Other messages with non-UTF-8 charset, i.e. iso-8859-1 are imported correctly.
Before I try to figure out the root of the problem by exploring the sources starting from script/import_scripts/mbox/support/indexer.rb, does anyone have an idea ? Could it be environmental and not in the code base ? Does this also happen when a user running in mailing list mode sends a reply with this encoding ?
I did a quick test and Email::Receiver seems to work fine. It converts the input to UTF-8. I can’t think of a reason why the encoding should be wrong afterwards.
[1] pry(main)> raw_email = File.read("/tmp/windows.txt");
[2] pry(main)> receiver = Email::Receiver.new(raw_email, convert_plaintext: true, skip_trimming: false);
[3] pry(main)> body = receiver.select_body;
[4] pry(main)> receiver.mail.charset
=> "windows-1252"
[5] pry(main)> body.first.encoding
=> #<Encoding:UTF-8>
[6] pry(main)> puts body.first;
cette réflexion me fait penser : y\-a\-il une obligation/raison \(en dehors du coup de maintenannce\) à avoir un même outil pour les 2 fonctionnalités \(interactions vs galerie\) ?
Thanks for the quick test: I would not know how to do it myself Could it be that something in the import container is missing ? I would very much like to reproduce what you did and explore from there. If I don’t find anything I’ll provide instructions to reproduce the problem using the mbox import procedure with an inbox containing just this one mail.
I get the same results as you did so the problem is not there. I’ll run an import with this mail alone and a new category to verify this is not a side effect of some kind.
Or the difference is in how the message is extracted from the mbox file: this is where the code path is different. The above raw_email = File.read("/tmp/windows.mbox") is different from splitting the file with regexps and maybe that’s where things go wrong.
And indeed, adding File.open('/tmp/message.txt', 'w') { |file| file.write(receiver.raw_email) } after this line produces the following file, which is different from the original file.
After narrowing down where the undesirable transformation happens, it seems to be here:
line.scrub is responsible for transforming the content into something that’s different from the original.
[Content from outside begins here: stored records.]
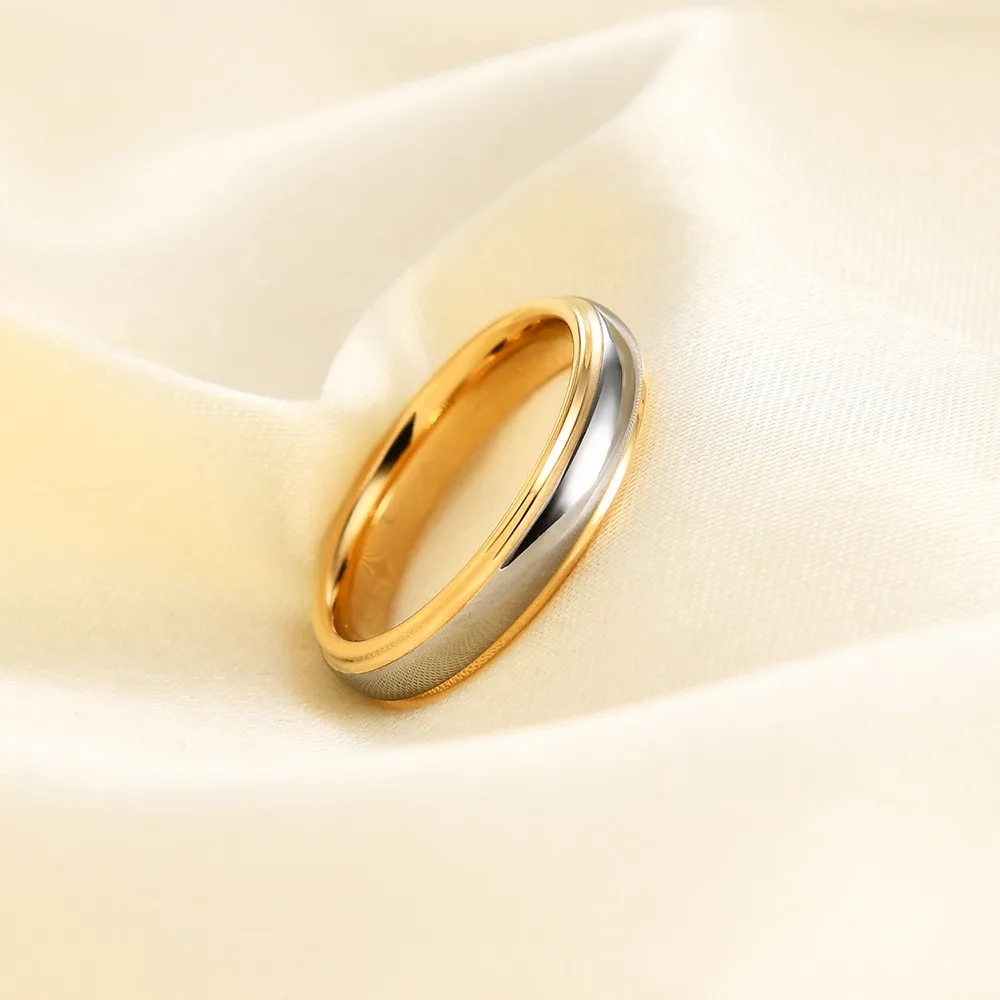 Classic 4/6mm Tungsten Men Ring Bilateral Curved Rose Gold Stainless Steel Ring for Women Wedding Band Couples Jewelry Accessory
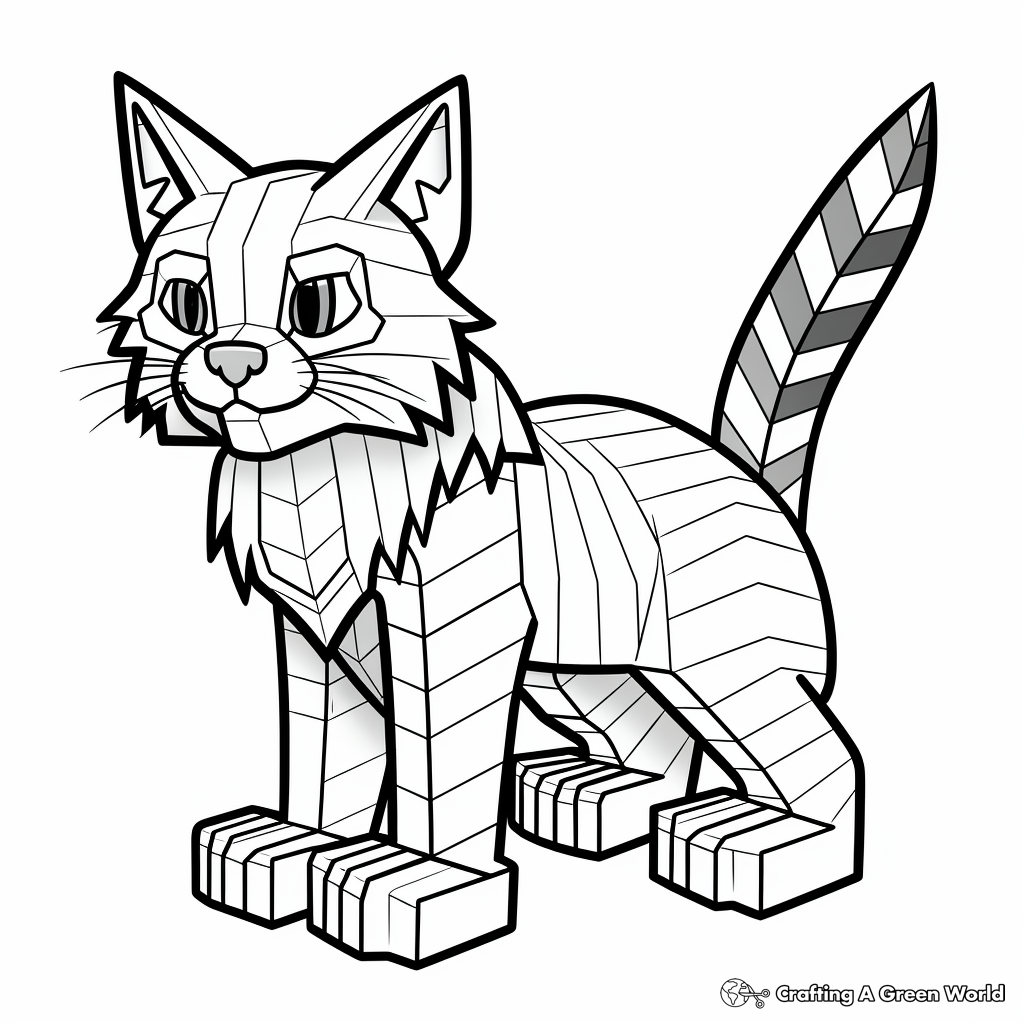 Vivid Minecraft Tabby Cat Coloring Sheets 2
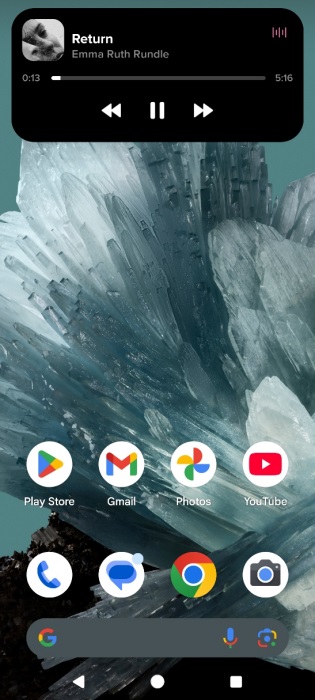Playback controls visible for Spotify app via Dynamic Island by Dynamic Bar on Android phone. 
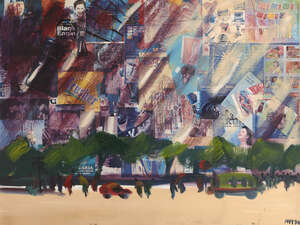 
	
		NYEIN CHAN SU, (Burmese, b. 1973), mixed media on canvas, street scene, initialled and...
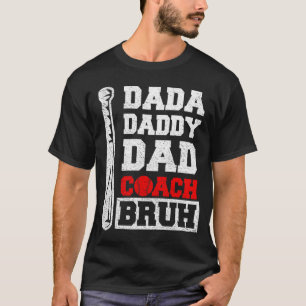 dada pappa pappa tränare bror Baseball Fars Dag T Shirt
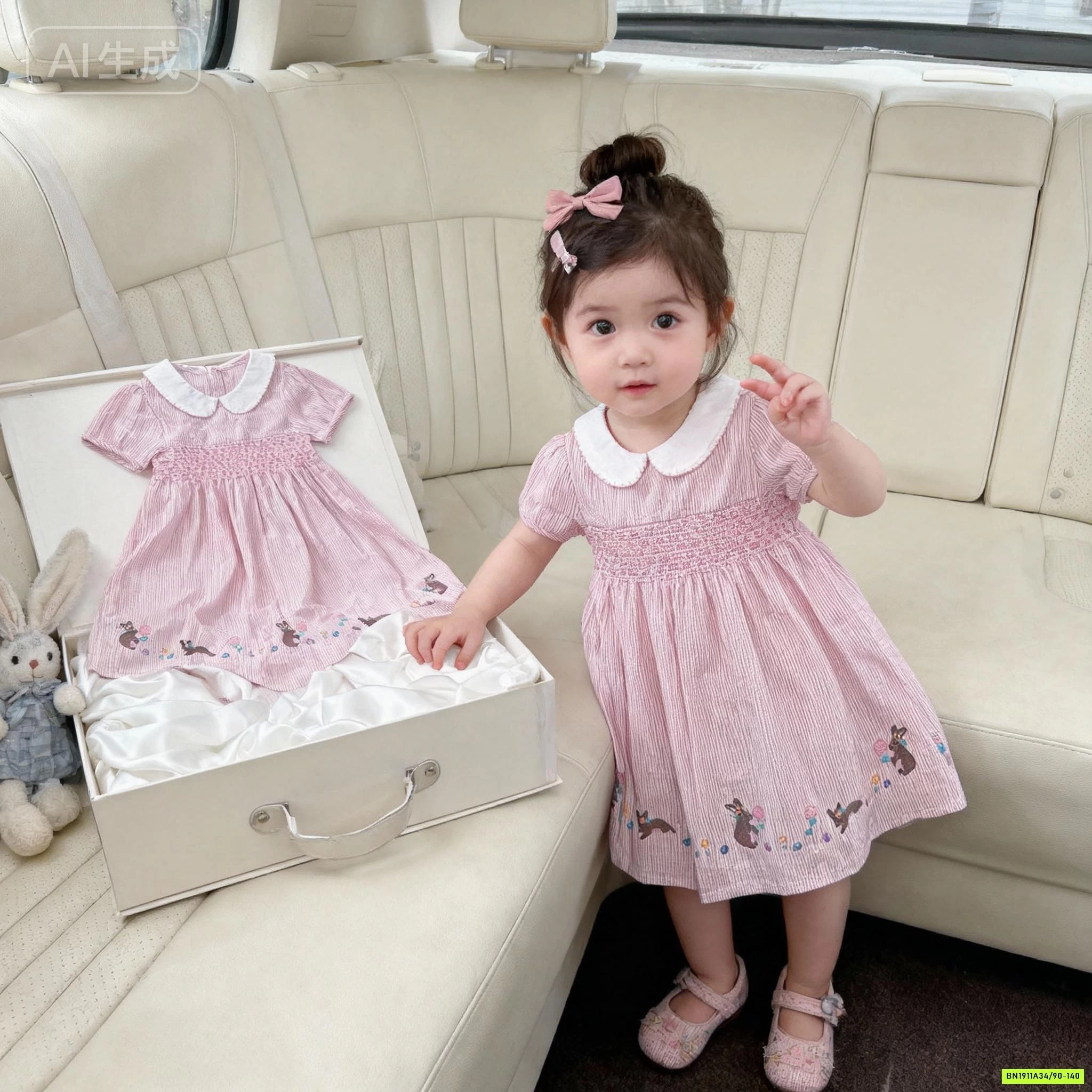 ĐẦM HỒNG THÊU CỔ SEN PREMIUM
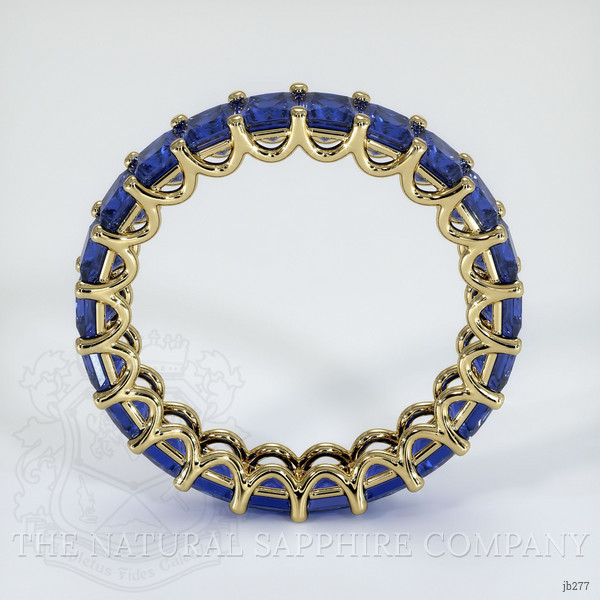18K Yellow Gold Blue Sapphire Eternity Wedding Band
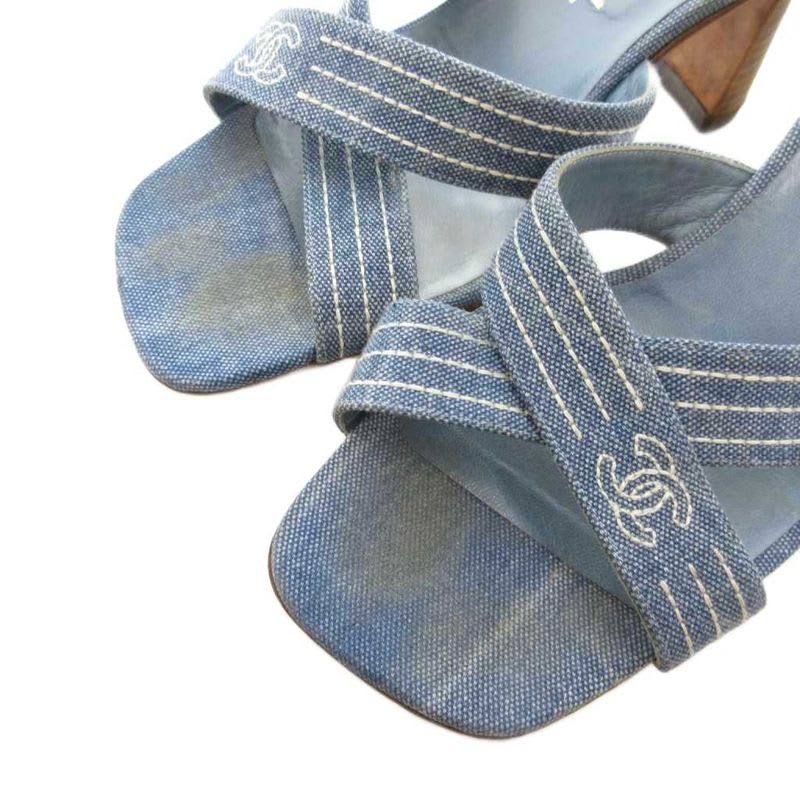Chanel Coco Mark Denim Mule Heel Sandals Square Toe Canvas 37 Blue GV GY62 — view 4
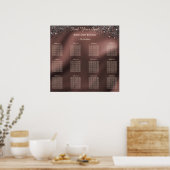 Black Glitter Verjaardag Alfabetisch Zitplan Poster (Keuken)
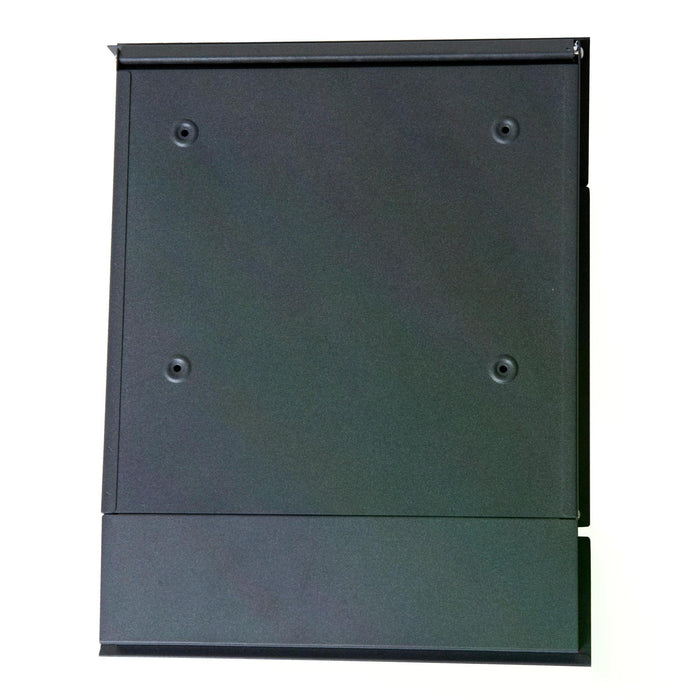 Lockable Steel-Grey Mailbox - Secure Wall-Mounted Postal Box for Outdoor Use - Ideal for Home & Office Mail Protection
If removed, the regexp fails with:
...
1: from /var/www/discourse/script/import_scripts/mbox/support/indexer.rb:174:in `block in each_mail'
/var/www/discourse/script/import_scripts/mbox/support/indexer.rb:174:in `=~': invalid byte sequence in UTF-8 (ArgumentError)
Because it is not UTF-8, indeed
Any idea how this should be resolved ? Maybe a first pass on the mail headers only looking for the charset ? There seems to be a and problem here.